Mayday "Dean" Trippe is a United States-based comic book artist and illustrator. Trippe graduated from the Savannah College of Art and Design with a B.F.A. in Sequential Art in 2003.

Work

Trippe's early published work includes contributions to several comic anthologies, including You Ain't No Dancer and the 2005 FLUKE Anthology, as well as coloring for various publishers, including Viper Comics' The Middleman and Oni Press's Ghost Projekt. Their primary work to date is the webcomic Butterfly.

Along with Jamie Dee Galey, Trippe was also one of the instigators of the 2005 Batgirl Livejournal Meme, which grew into a phenomenon of over 1000 artists contributing their own unique renditions of DC Comics' Batgirl.

Trippe is known for their stylish redesigns of popular American superhero characters. With writer Chris Arrant, they co-founded Project: Rooftop, a website devoted to original redesigns of classic American comic book characters.

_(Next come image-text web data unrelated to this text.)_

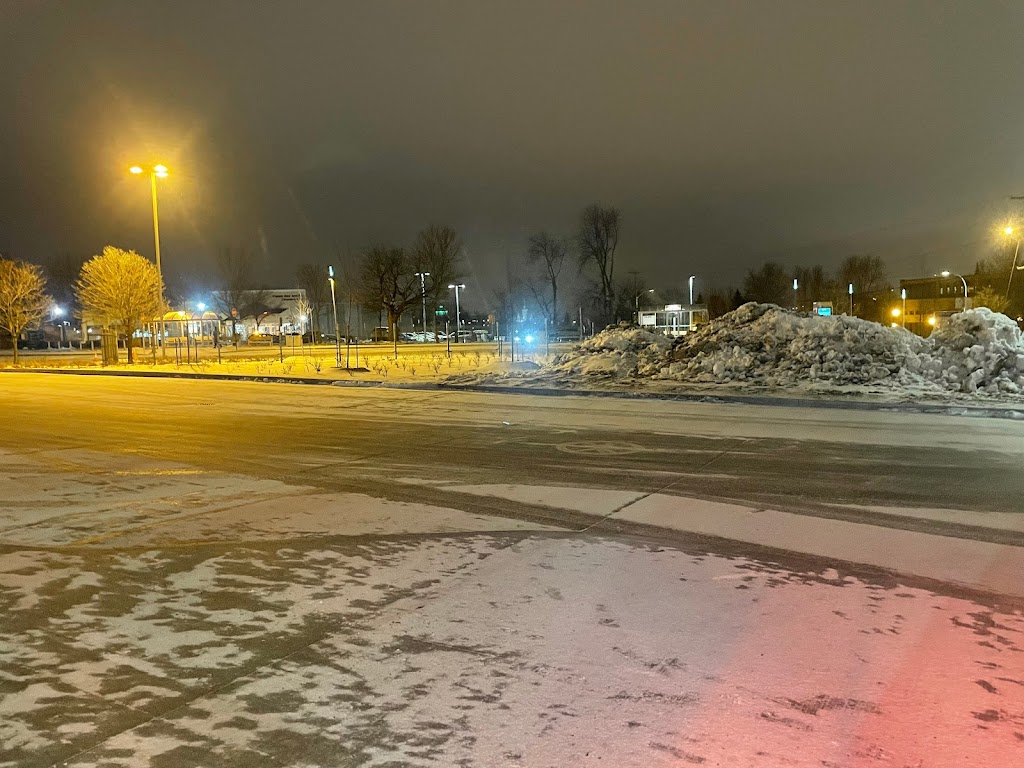 Terminus de bus Le depot | Unnamed Road, Station du Cégep, Sherbrooke, QC J1E 2J9, Canada | Phone: (819) 564-2687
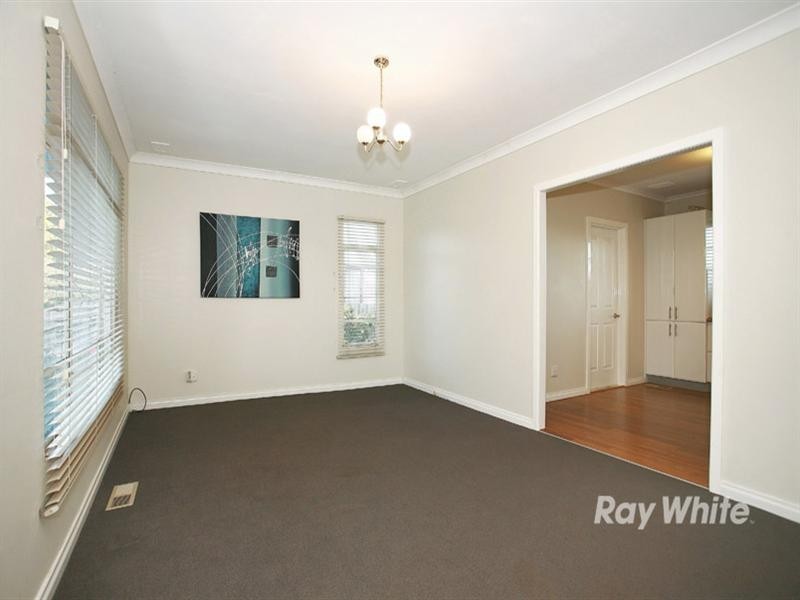 30 Chifley Crescent, Dandenong North VIC 3175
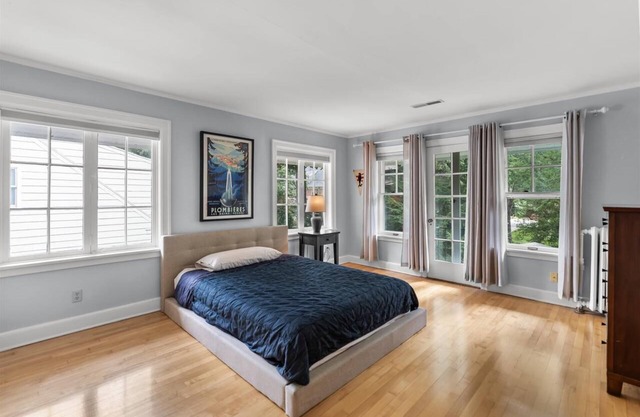 Spacious 5-bedroom house in University Heights/Camp Randall w/3.5 bathrooms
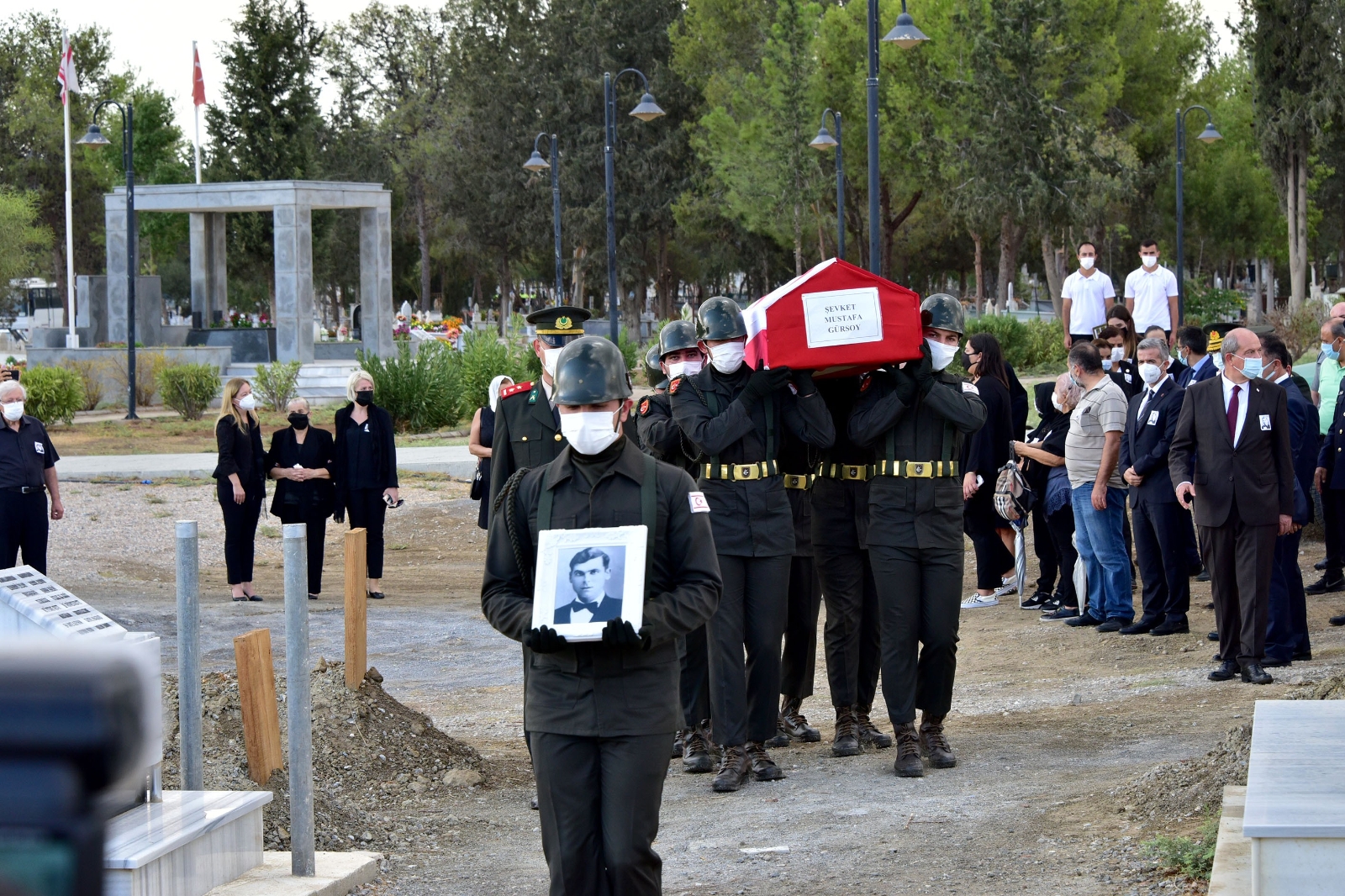 57 Yıl Sonra Naaşı KKTC’ye Getirilen Şehit Gürsoy, Askeri Törenle Defnedildi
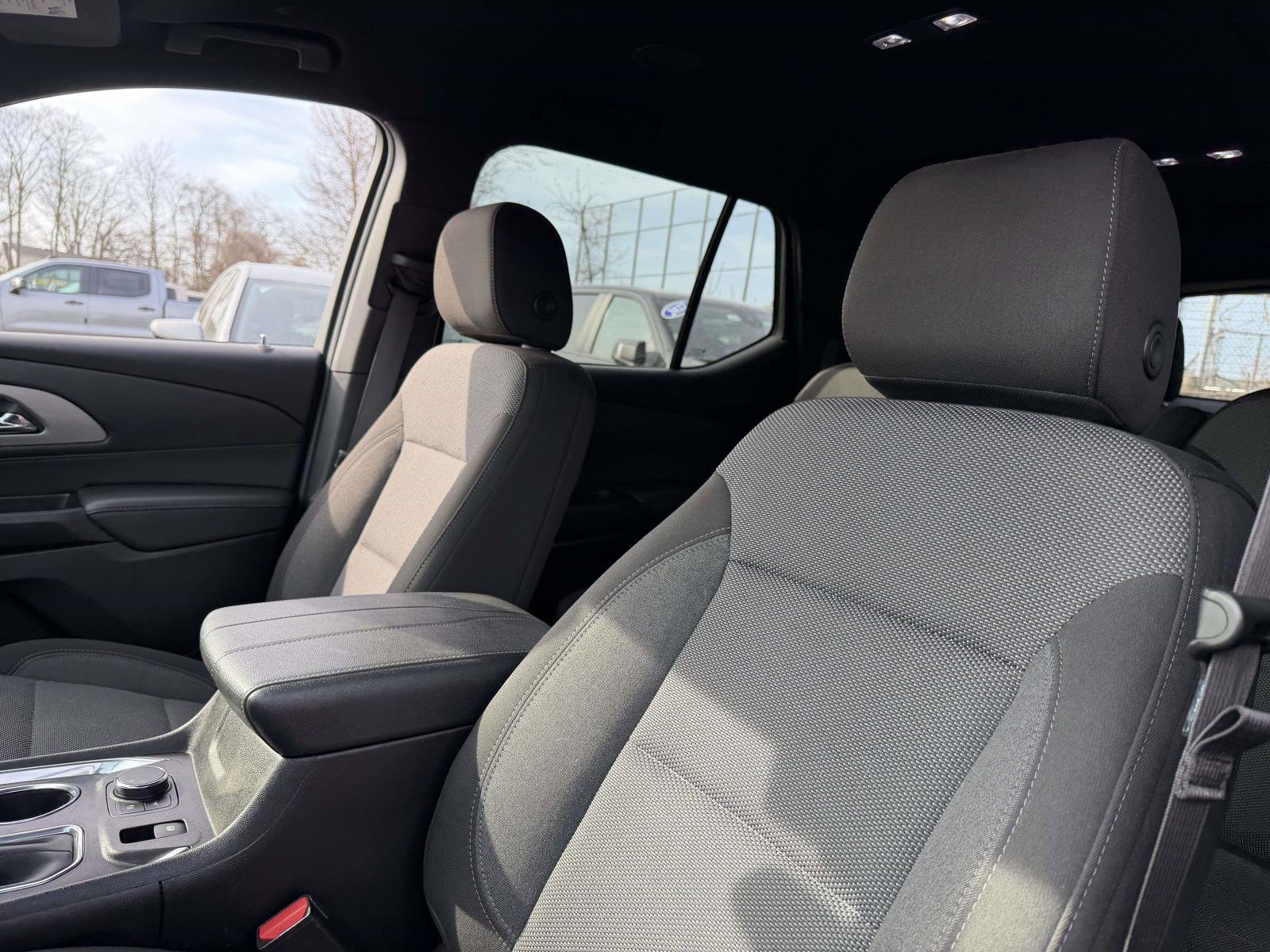 Certified 2023 Chevrolet Traverse LT FWD image 12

Trippe collaborated with fellow comics creator Jason Horn on the short story, "Merman," for Image Comics' Comic Book Tattoo, the Eisner and Harvey Award-winning anthology graphic novel inspired by the songs of musician Tori Amos. Trippe's later published the graphic novel Power Lunch: Book 1: First Course, with writer J. Torres, for Oni Press.

Trippe started a Kickstarter campaign in 2014 to publish Something Terrible, an autobiographical comic about child abuse and sexual violence. The work was distributed by Iron Circus Comics.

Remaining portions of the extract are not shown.